[Haskell-cafe] Modifying a product type generically

Aleksey Khudyakov alexey.skladnoy at gmail.com
Fri Jan 2 18:04:41 UTC 2015


On 2 January 2015 at 07:02, Michael Orlitzky <michael at orlitzky.com> wrote:
> I've been playing with generic conversions between simple product types.
> For example, converting (Bar Int Int) back and forth between (Int,Int). See,
>
> https://www.haskell.org/pipermail/haskell-cafe/2014-December/117489.html
>
> These save me a *lot* of boilerplate. But naturally, I've gotten greedy.
> Another transformation I need to make takes one data type, and sticks a
> new field on the beginning of it. So I'd like to be able to take a,
>
>   Foo Int Int
>
> and construct a,
>
>   BigFoo String Int Int
>
> with as little code as possible. In my real problem, Foo may have 30
> fields, and BigFoo 31 -- if you know of a better way, stop me now.
>
Please stop.
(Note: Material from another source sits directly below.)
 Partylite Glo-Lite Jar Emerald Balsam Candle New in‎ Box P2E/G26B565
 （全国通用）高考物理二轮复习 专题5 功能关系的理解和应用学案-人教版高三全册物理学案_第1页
Some time ago I wrote library exactly for working with
product types: fixed-vector-hetero. Example code below. I think

> {-# LANGUAGE DeriveGeneric #-}
> import qualified Data.Vector.HFixed as H
> import GHC.Generics (Generic)
>
> data Foo = Foo Int Int
>            deriving (Show,Generic)
> data BigFoo = BigFoo String Int Int
>            deriving (Show,Generic)
>
> -- Instances are generated automatically using Generic. It's of course
> -- possible to write them manually
> instance H.HVector Foo
> instance H.HVector BigFoo

Now you can convert tuple to bar (or any other product types
which have same elemets)

*Main> H.convert (12,12) :: Foo
Foo 12 12
*Main> H.cons "A" (Foo 1 2) :: BigFoo
BigFoo "A" 1 2

Note. I've never tuned it for performance.